Chemometric determination of solute-affected solvent vibrational spectra as a superior way of information extraction on solute solvation phenomena

Chemometric procedures of the determination the solute-affected vibrational solvent spectrum on the basis of solution spectra has been proposed. Up till now, it has been determined for many aqueous and non-aqueous solutions and solutes of a different kind by means of classical method of spectral data analysis, based on curve-fitting procedure of the trial spectra. All methods presented in this paper are based on a model which assumes that a solvent in solution may be divided into additive contributions of a bulk and a solute-affected solvent. As a result, the mean number of moles of a solvent affected by one mole of a solute (the “affected number”) and the solute-affected solvent spectrum (the “affected spectrum”) are received. Now the same information can be obtained using chemometric algorithms.

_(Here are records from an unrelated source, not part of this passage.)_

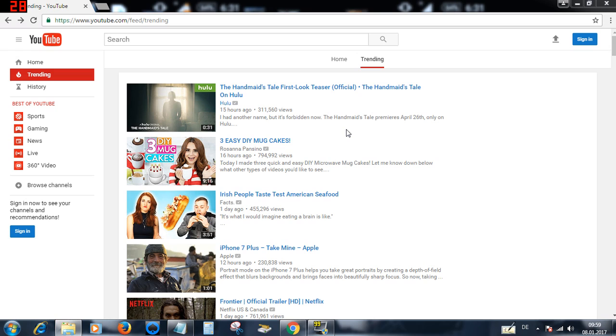Or maybe you've had one for a while that hasn't been working out for you, and you just want to see what the top YouTubers are using as tags or keywords in their videos that are the same category as yours.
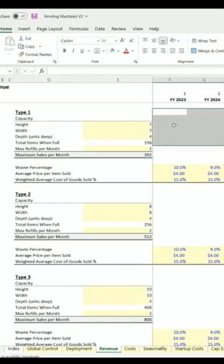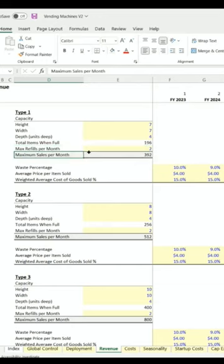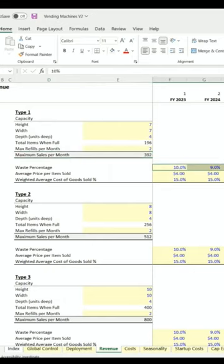That'll define your max items that you can have at one time. You can figure out your max refills per month, and that gives you your maximum sales per month. Then we've got some assumptions here about the amount you're going to have in waste, like if it expires or what have you, and the average price per item sold.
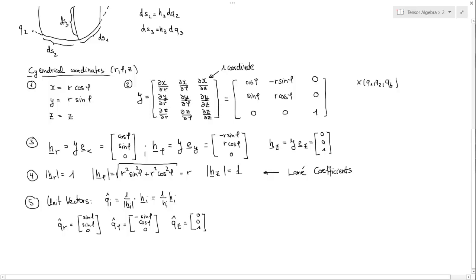If we explicitly calculate that: the partial of x with respect to r gives cosine phi; differentiating x with respect to phi gives minus r sine phi; and since there is no z dependence in x, this will be zero. For the y row: we get sine phi for the first, r cosine phi if we differentiate with respect to phi, and zero for z. For the z row: differentiating with respect to r gives zero, with respect to phi gives zero, and differentiating z with respect to z gives one.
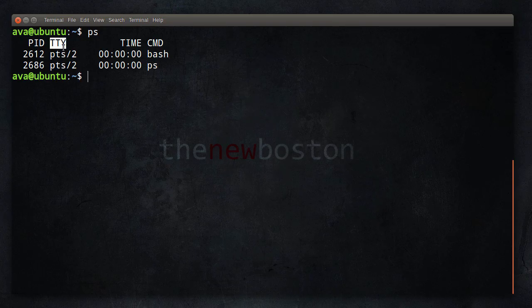This TTY, this is the terminal where the process is running from. So most processes that you start, they're associated with a terminal. The system processes that run in the background, they aren't. But just remember, we're going to see more about this later on, but this is the terminal that it's associated with.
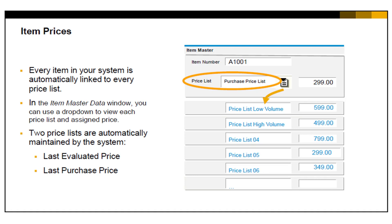You can set an indicator in general settings that removes items without prices from price lists.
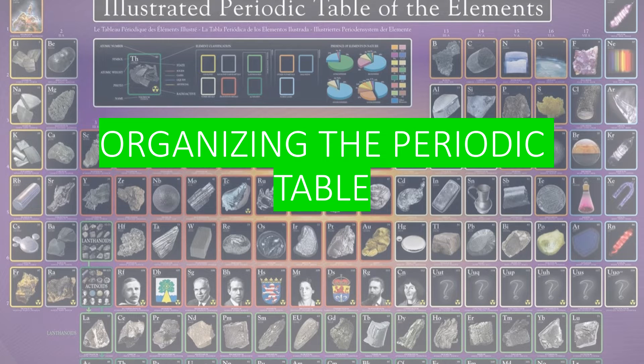Hello, guys. Today we are going to talk about the organization of the periodic table. This is the first lecture, first part of the notes: organizing the periodic table.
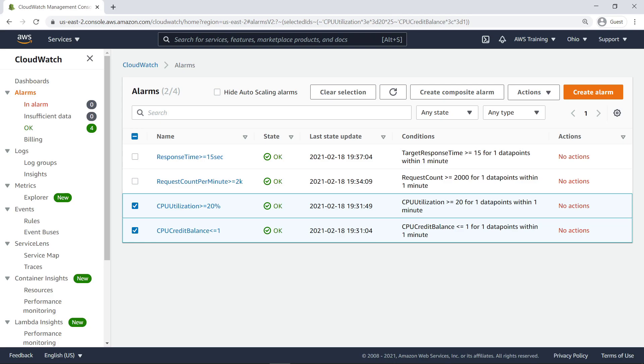High CPU utilization may be acceptable for some workloads, but not when all CPU credits are consumed. The composite alarm correlates these metrics.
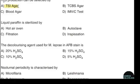Hydrogen sulphide production can be detected by TSI agar. Correct answer: option A. Liquid paraffin is sterilized by hot air oven. Correct answer: option A. The decolorizing agent used for M. leprae in AFB staining is 5% sulphuric acid. Correct answer: option D.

Their results have been tested and illustrated on spectral data for aqueous solutions of some alkyl-derivatives of urea and glycine, solutes known as osmolytes in biological systems. The isotopic dilution technique of HDO in H2O has been applied for infrared spectra. In many aspects chemometric methods appear superior to the traditional method of determination the solute-affected solvent spectrum. They allow to obtain several values of “affected numbers” for a given investigated system, which might correspond to spectra of solvent molecules affected in a different degree by the solute. Such a potential of the proposed chemometric procedures opens opportunities for new the interpretation of solvation phenomena basing on vibrational spectra.